Amazon won’t disclose revenue from either model or even supply the number of seller relationships. “What I can say,” Stabingas says, “is that at the end of the day, what we’re selling is the same, whatever the model, and that is the Amazon customer experience.”
E-Business: They Wrote the Book
Amazon.com’s 10-year climb to profitability offers lessons that many companies should take to heart, including:
Focus on the long term. “One of the things that was striking on my visits to Amazon was the attention their management paid to long-term value,” says Erik Brynjolfsson, a professor at MIT’s Sloan School of Management. “There were a number of options they had which would have boosted short-term profits, such as raising prices slightly or modifying their logistics, or not ‘investing’ in new product categories, but that would hurt their long-term efforts. In numerous separate conversations with different managers, they consistently were interested in the long term, not just making next quarter’s numbers. That’s something I don’t often see at other companies I visit, and clearly it comes from the top.”

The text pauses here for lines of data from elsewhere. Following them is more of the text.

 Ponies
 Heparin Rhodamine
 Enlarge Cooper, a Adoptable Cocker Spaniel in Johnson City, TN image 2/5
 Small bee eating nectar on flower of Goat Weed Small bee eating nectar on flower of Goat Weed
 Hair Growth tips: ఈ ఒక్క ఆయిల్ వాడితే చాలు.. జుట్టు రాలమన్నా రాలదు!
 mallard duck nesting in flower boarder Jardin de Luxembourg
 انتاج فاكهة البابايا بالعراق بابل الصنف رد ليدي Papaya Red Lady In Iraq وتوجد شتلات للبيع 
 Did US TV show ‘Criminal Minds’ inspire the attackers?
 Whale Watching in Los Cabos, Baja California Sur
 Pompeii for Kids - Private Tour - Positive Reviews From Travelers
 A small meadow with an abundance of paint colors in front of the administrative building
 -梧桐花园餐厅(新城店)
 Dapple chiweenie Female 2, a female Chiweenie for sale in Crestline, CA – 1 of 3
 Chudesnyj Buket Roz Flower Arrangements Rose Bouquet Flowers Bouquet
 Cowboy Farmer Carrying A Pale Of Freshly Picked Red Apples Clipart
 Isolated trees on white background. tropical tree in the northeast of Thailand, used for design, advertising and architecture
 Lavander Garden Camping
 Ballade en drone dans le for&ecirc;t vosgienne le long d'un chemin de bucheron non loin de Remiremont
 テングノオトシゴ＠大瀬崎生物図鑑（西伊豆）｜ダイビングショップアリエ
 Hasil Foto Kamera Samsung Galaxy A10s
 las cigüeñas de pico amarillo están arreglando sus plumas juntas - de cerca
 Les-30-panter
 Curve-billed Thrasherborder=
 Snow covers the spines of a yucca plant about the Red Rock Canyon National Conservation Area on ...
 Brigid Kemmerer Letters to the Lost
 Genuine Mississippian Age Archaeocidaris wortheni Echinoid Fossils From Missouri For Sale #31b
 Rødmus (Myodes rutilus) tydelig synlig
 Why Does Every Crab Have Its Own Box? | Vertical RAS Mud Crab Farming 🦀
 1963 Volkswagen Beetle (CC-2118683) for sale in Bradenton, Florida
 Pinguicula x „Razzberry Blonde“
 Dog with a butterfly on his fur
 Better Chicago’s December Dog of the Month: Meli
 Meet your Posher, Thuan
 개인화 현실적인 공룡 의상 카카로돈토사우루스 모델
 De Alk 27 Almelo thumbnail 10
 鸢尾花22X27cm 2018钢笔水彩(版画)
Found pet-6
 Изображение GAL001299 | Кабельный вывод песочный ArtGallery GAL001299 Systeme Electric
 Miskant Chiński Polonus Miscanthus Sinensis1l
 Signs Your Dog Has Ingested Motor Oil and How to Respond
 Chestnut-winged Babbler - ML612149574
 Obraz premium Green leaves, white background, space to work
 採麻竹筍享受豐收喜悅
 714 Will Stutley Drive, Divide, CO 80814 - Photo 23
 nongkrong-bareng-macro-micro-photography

Truly understand your customer. Much lip-service is paid to customer service and related disciplines, but Amazon builds customer commitment into everything it does. CFO Thomas Szkutak says Amazon has consistently begun with the customer experience in mind and worked backward to create the infrastructure needed to satisfy customer demands.
Balance focus with flexibility. Amazon hasn’t gotten everything right, but it’s been quick to identify mistakes and capitalize on changing market opportunities. As a result, it evolved from a store to a mall to a virtual construction company—or, more accurately, a hybrid of those. More changes are in store as E-business competition intensifies, but all of Amazon’s course corrections have been made with a single guiding vision in mind: providing customers with easy access to anything and (almost) everything online.